Excerpted data: Begin
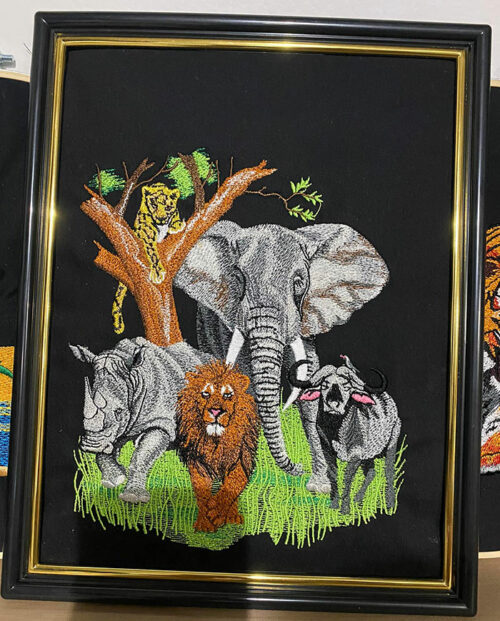 African Animals framed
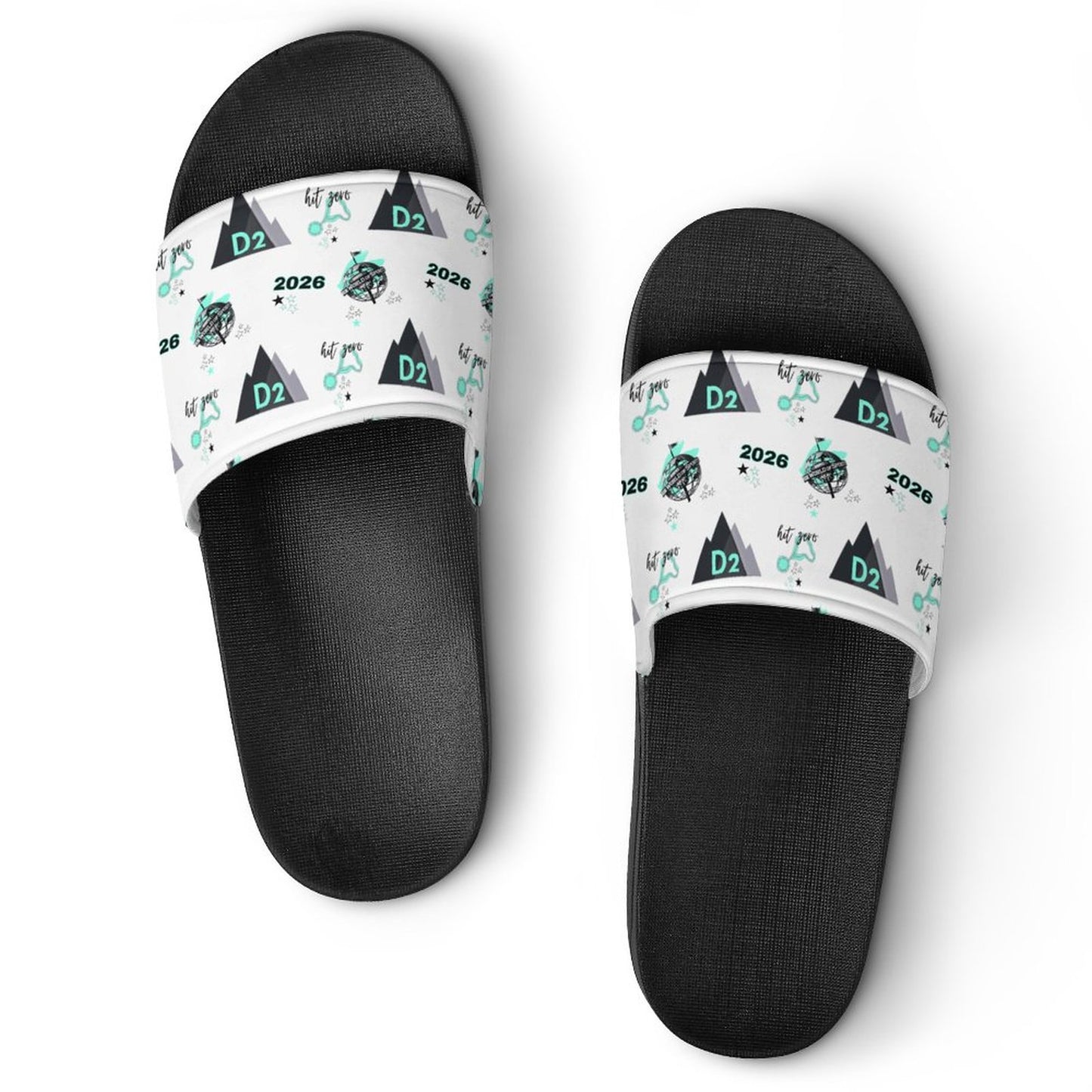 Hit Zero exclusive design Personalized Casual Unisex PVC Slippers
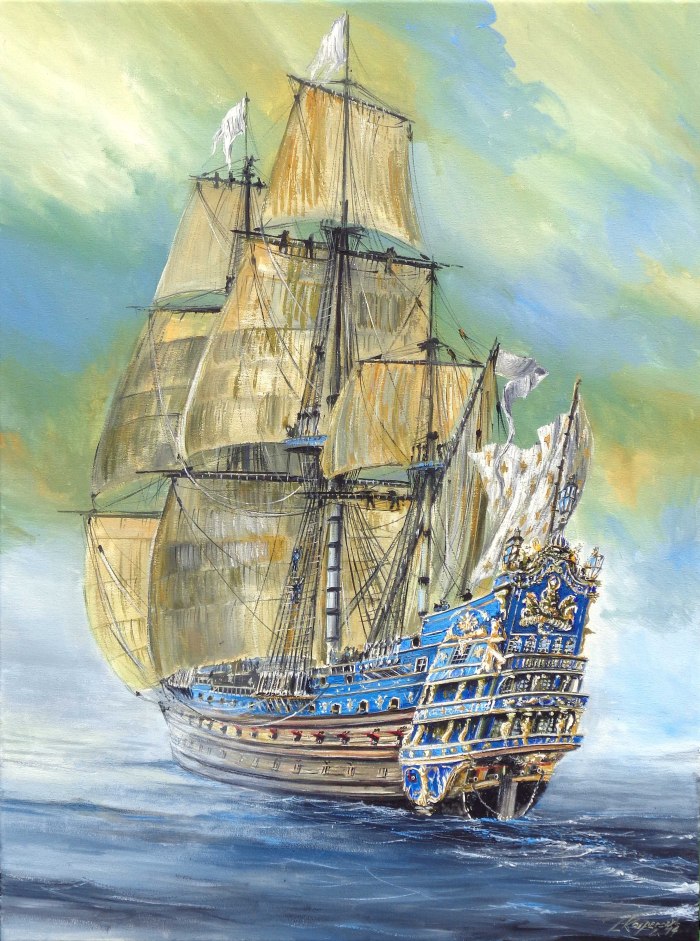 Парусник рисунок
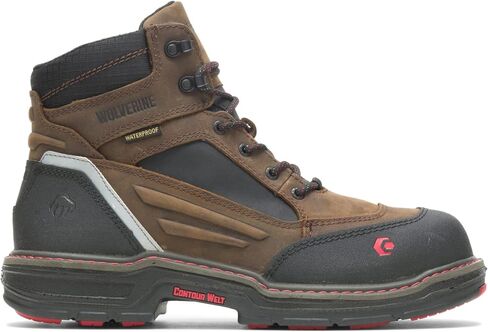 Wolverine Men's Overman Nano Toe 6 Inch WPF Contour Welt Work Boot in Saudi Arabia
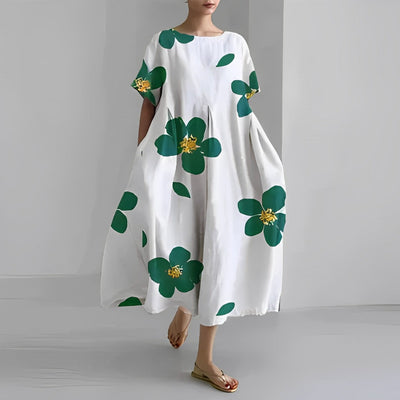 AMELIA | WUNDERSCHÖNES GEBLÜMTES FRAUENKLEID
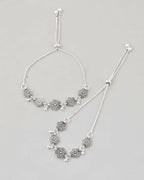 VOJ Set of 2 Traditional Flower Shapped Designer Anklet
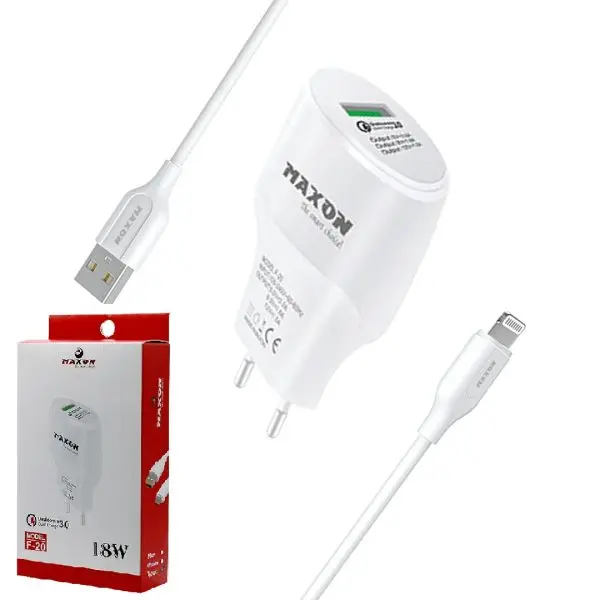Maxon F-20 Iphone/ios Mobile Charger 3.0 Quick Charge- 1 Usb Port-18w Fast Charger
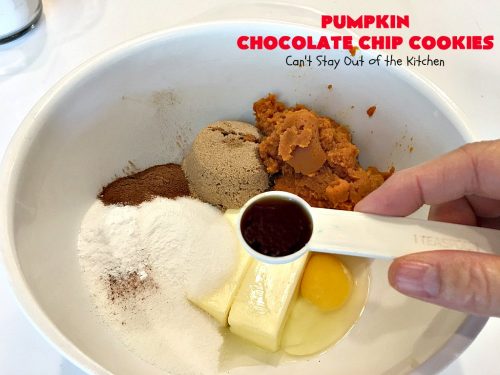 Pumpkin Chocolate Chip Cookies – Can't Stay Out of the Kitchen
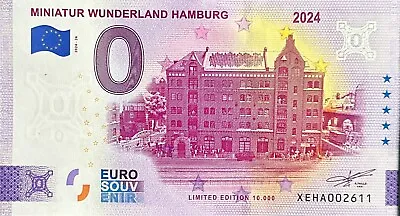 Ticket 0 Euro Miniature Wonderland Hamburg 2024-26 Number Various • £5.93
Excerpted data: End
| Assignment |
Please return the listing above exactly and leave every picture out.

| Problem solution |
 African Animals framed
 Hit Zero exclusive design Personalized Casual Unisex PVC Slippers
 Парусник рисунок
 Wolverine Men's Overman Nano Toe 6 Inch WPF Contour Welt Work Boot in Saudi Arabia
 AMELIA | WUNDERSCHÖNES GEBLÜMTES FRAUENKLEID
 VOJ Set of 2 Traditional Flower Shapped Designer Anklet
Maxon F-20 Iphone/ios Mobile Charger 3.0 Quick Charge- 1 Usb Port-18w Fast Charger
 Pumpkin Chocolate Chip Cookies – Can't Stay Out of the Kitchen
 Ticket 0 Euro Miniature Wonderland Hamburg 2024-26 Number Various • £5.93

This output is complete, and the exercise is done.